HANFORD, District Judge

(after stating the facts). The demurrer does not attack the bill of complaint on the ground of multifariousness, but is framed especially to raise sthe questions whether, under the homestead law, William McCune acquired any inheritable interest in the land, and whether the patent conveyed the title to the grantee in her own right, or constituted her a trustee for the complainant as to an undivided one-half of the land.
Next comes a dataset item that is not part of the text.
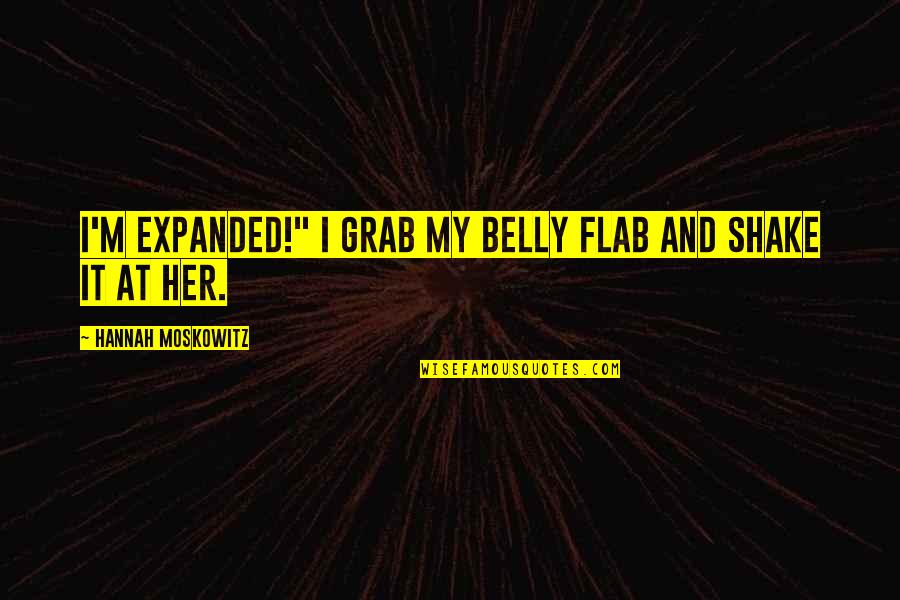 Grab It Quotes By Hannah Moskowitz: I'm expanded!" I grab my belly flab and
It appears to me that the vital question in this case is one of federal law. The government of the United States is the grantor of the title.; the grant is made pursuant to the laws of the United States providing for the disposition of the public lands; the state of Washington is not a party to the grant; it never had power to legislate with respect to the disposition of the public lands of the United States within its boundaries; and the complainant does not deraign title from the state, but claims an undivided one-half of the estate conveyed by the patent, although her name does not appear in it, and she cannot brush the patent aside without impairing the foundation of her claim. If the patent could be eliminated, the complainant would then have to go back of the patent and rest her claim upon the law, and it is a national law and not a law of the state which must be applied and construed. In their argument upon the demurrer counsel for complainant. called my attention to the following very excellent rule, found in the opinion of the supreme court in the case of Wilcox v. Jackson, 13 Pet. 517, 10 L. Ed. 264:

“We hold the true principle to be this: that whenever the question in any court, state or federal, is whether a title to land, which had once been the property of the United States, has passed, that question must be resolved by the laws of the United States; but that whenever, according to those laws, the title shall have passed, then that property, like all other property in the state, is subject to state legislation, so far as that legislation is consistent with the admission that the title passed and vested according to the laws of the United States.”

Under this rule, to bar the jurisdiction of a United States circuit court it is necessary for the complainant to admit not only that the title of the United States has been conveyed, but also that the title “vested according to the laws of the United States,” and it is impossible to keep questions of federal law out of the case, without a plain admission that the patent conveyed the title to the patentee absolutely. That admission, if made, would leave no controversy for any court to settle. The complainant denies that the title vested in the patentee absolutely, and claims adversely to the patentee; therefore the question whether her claim is valid or not “must be resolved by the laws of the United States.”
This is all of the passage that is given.